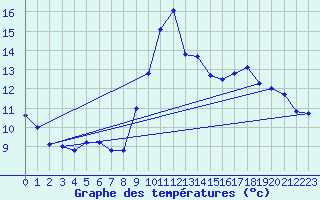 Courbe de tempratures pour Belfort-Dorans (90)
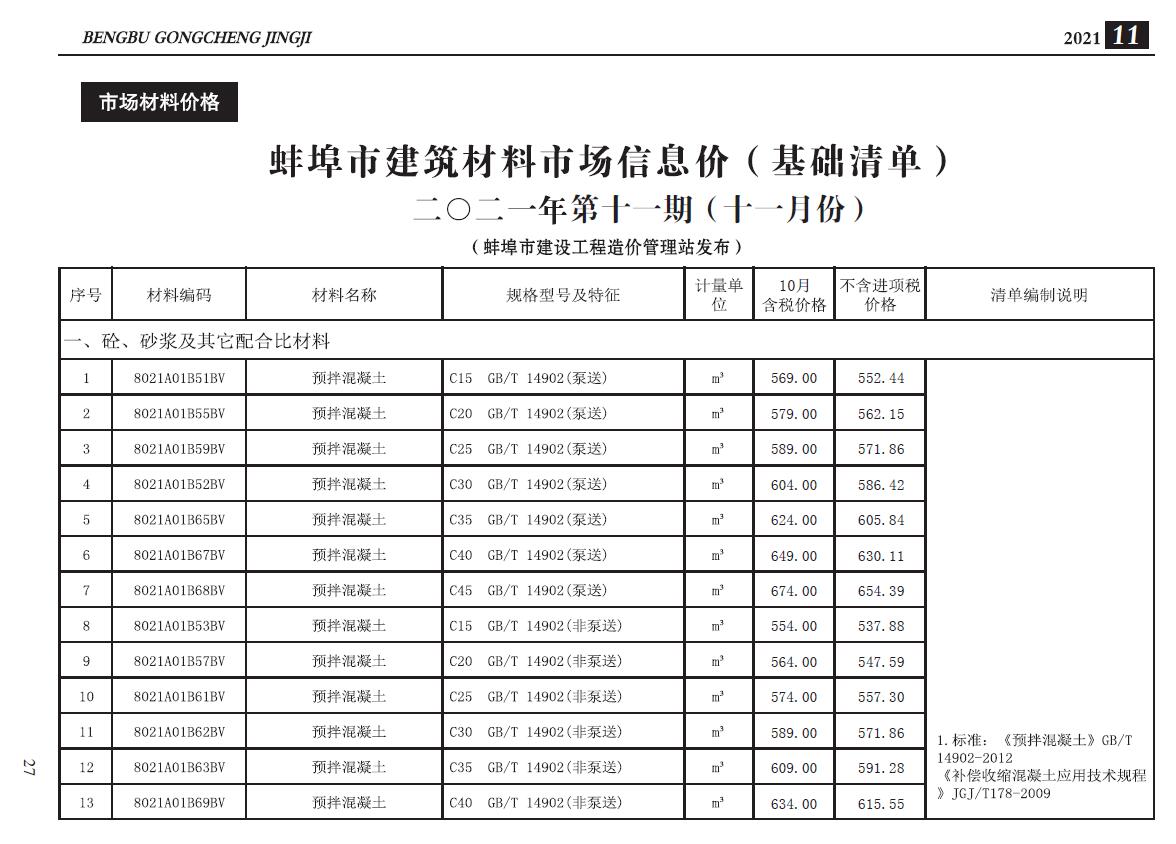 蚌埠市2021年11月建设工程造价信息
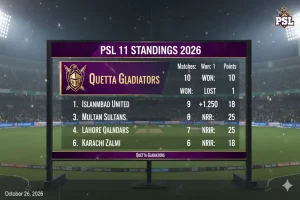 Quetta Gladiators PSL 11 Standings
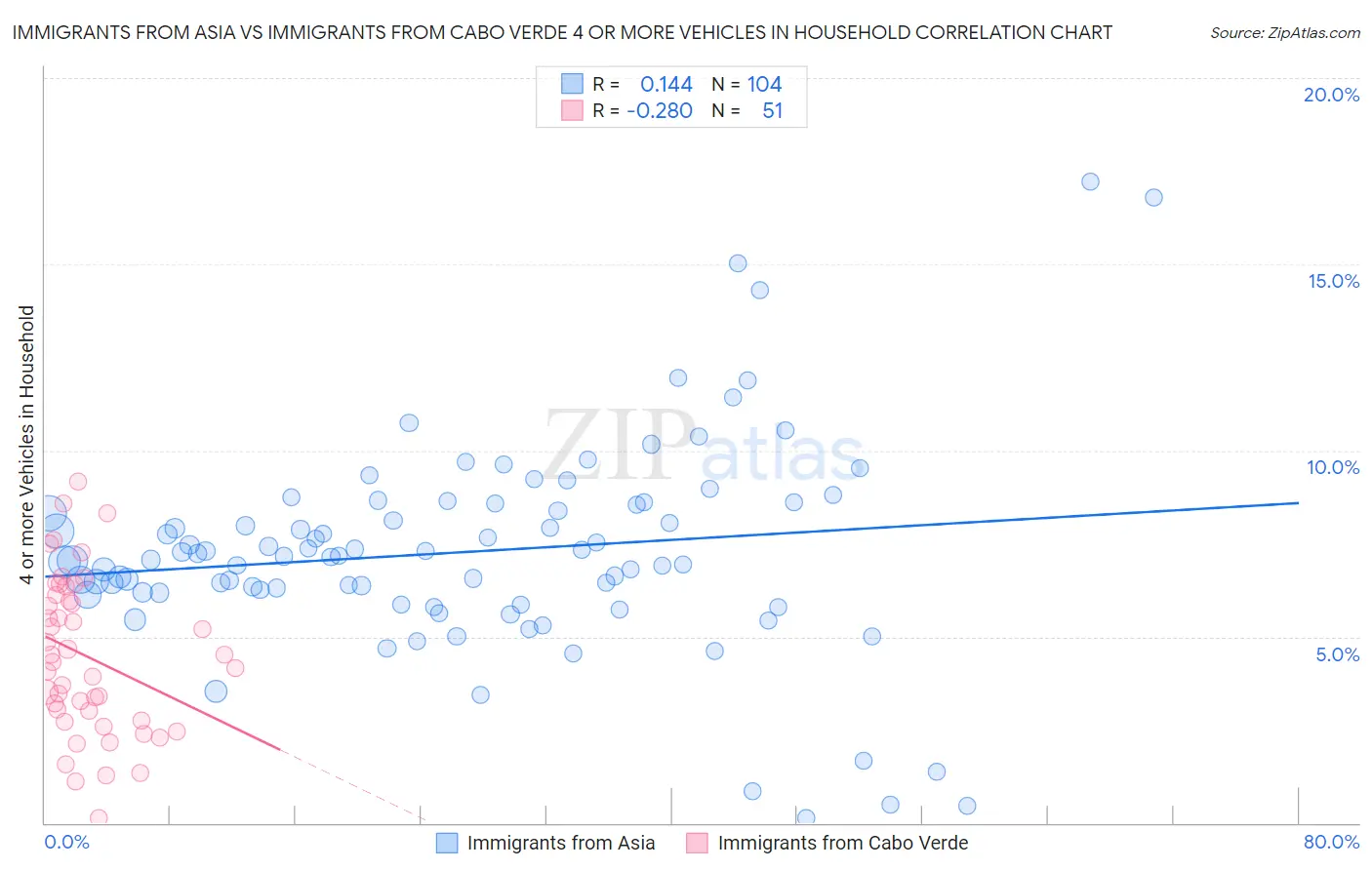 Immigrants from Asia vs Immigrants from Cabo Verde 4 or more Vehicles in Household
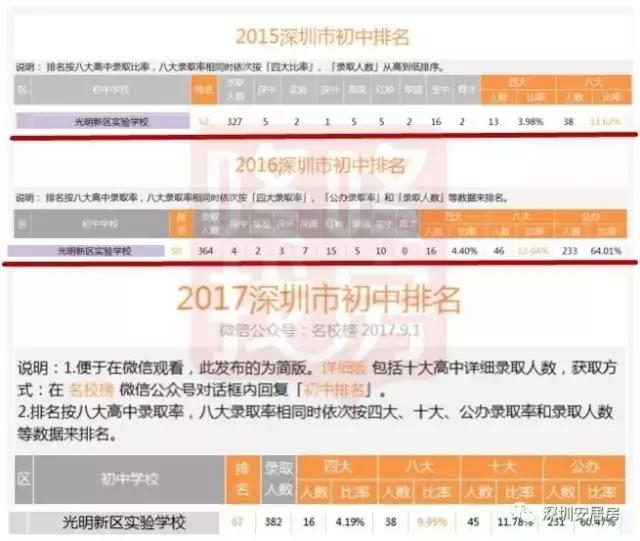 安居房学校要逆袭！跻身TOP50，秒杀原关内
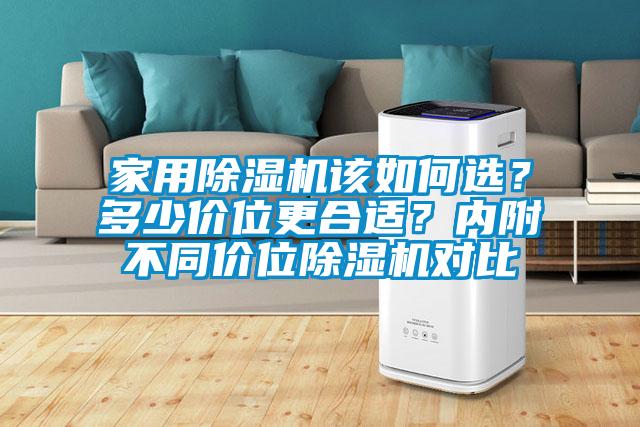 家用除濕機該如何選？多少價位更合適？內附不同價位除濕機對比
★ ★ ★
● **Task directions**:
Leave the images behind and write out every entry exactly.

● **Response area**:
 Courbe de tempratures pour Belfort-Dorans (90)
 蚌埠市2021年11月建设工程造价信息
 Quetta Gladiators PSL 11 Standings
 Immigrants from Asia vs Immigrants from Cabo Verde 4 or more Vehicles in Household
 安居房学校要逆袭！跻身TOP50，秒杀原关内
 家用除濕機該如何選？多少價位更合適？內附不同價位除濕機對比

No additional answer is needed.